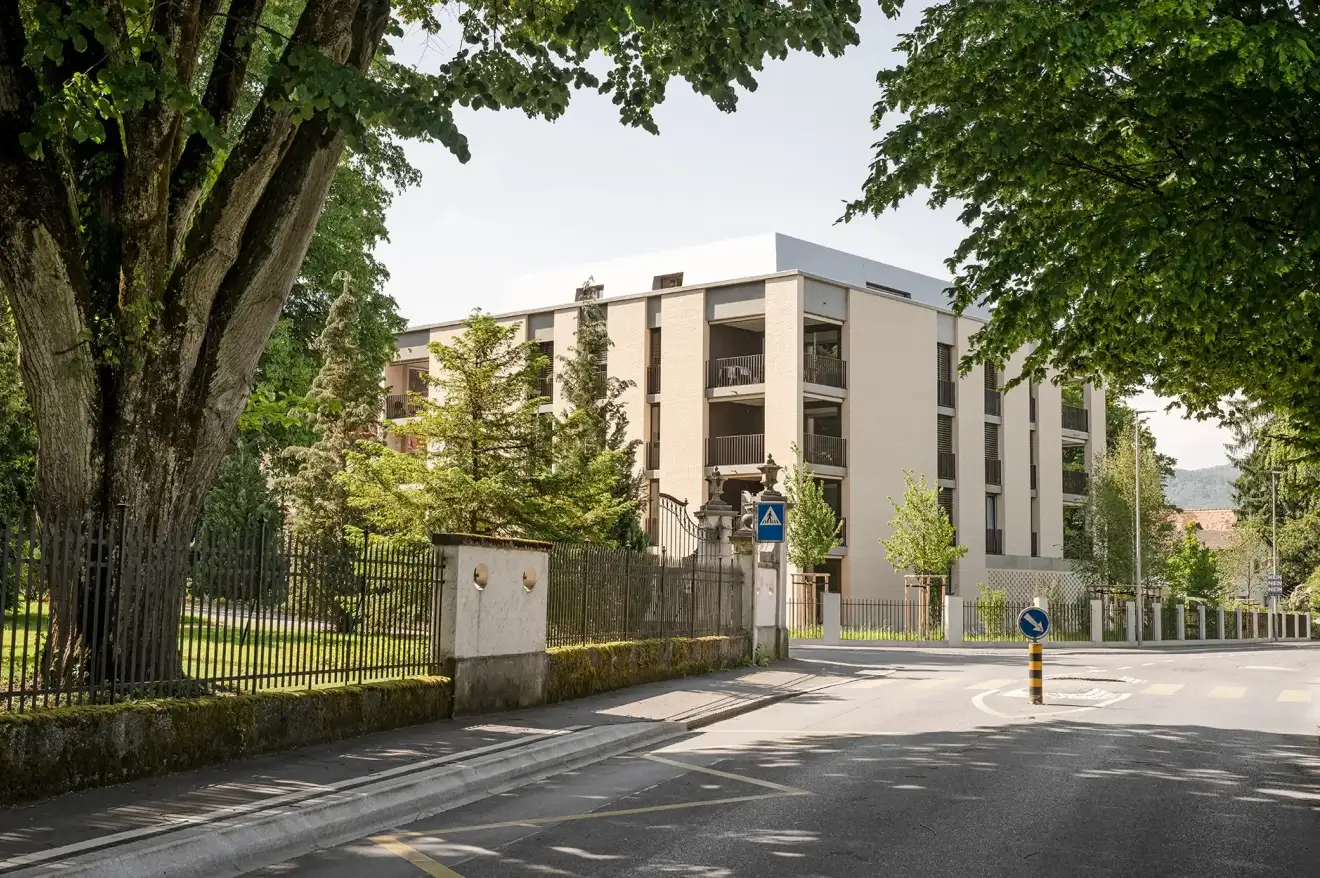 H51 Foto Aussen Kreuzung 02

* * *

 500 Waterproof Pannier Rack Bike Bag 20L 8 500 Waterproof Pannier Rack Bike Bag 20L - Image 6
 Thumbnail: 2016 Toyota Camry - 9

==

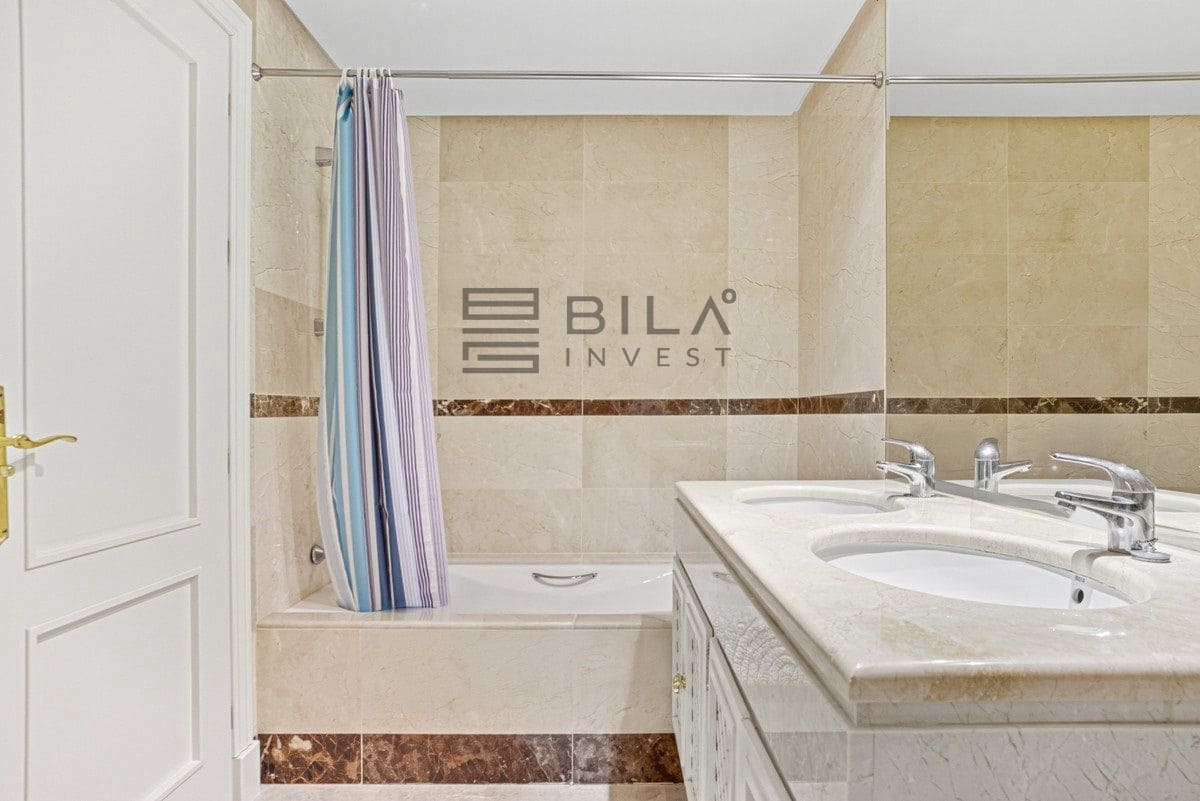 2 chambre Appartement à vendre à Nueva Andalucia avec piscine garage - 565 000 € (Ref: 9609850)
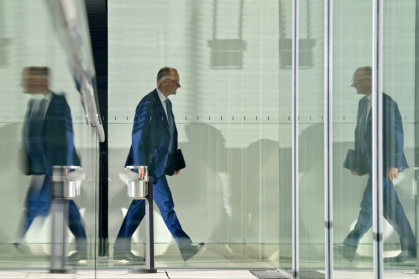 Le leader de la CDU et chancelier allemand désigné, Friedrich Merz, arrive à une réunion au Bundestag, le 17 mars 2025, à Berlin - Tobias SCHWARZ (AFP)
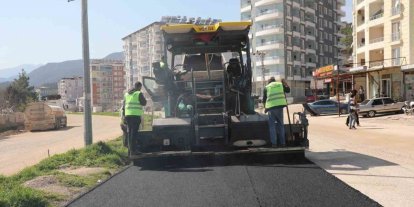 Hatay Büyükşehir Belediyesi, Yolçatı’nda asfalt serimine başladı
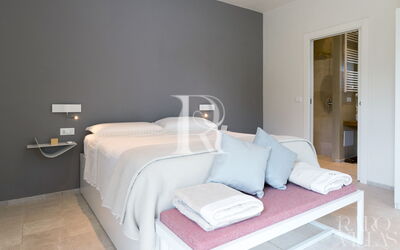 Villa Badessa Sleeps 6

## The task
With pictures excluded, reproduce exactly the lines above from the one containing "Le leader de" down to the one containing "Villa Badessa Sleeps 6", those two included.

## Response area
 Le leader de la CDU et chancelier allemand désigné, Friedrich Merz, arrive à une réunion au Bundestag, le 17 mars 2025, à Berlin - Tobias SCHWARZ (AFP)
 Hatay Büyükşehir Belediyesi, Yolçatı’nda asfalt serimine başladı
 Villa Badessa Sleeps 6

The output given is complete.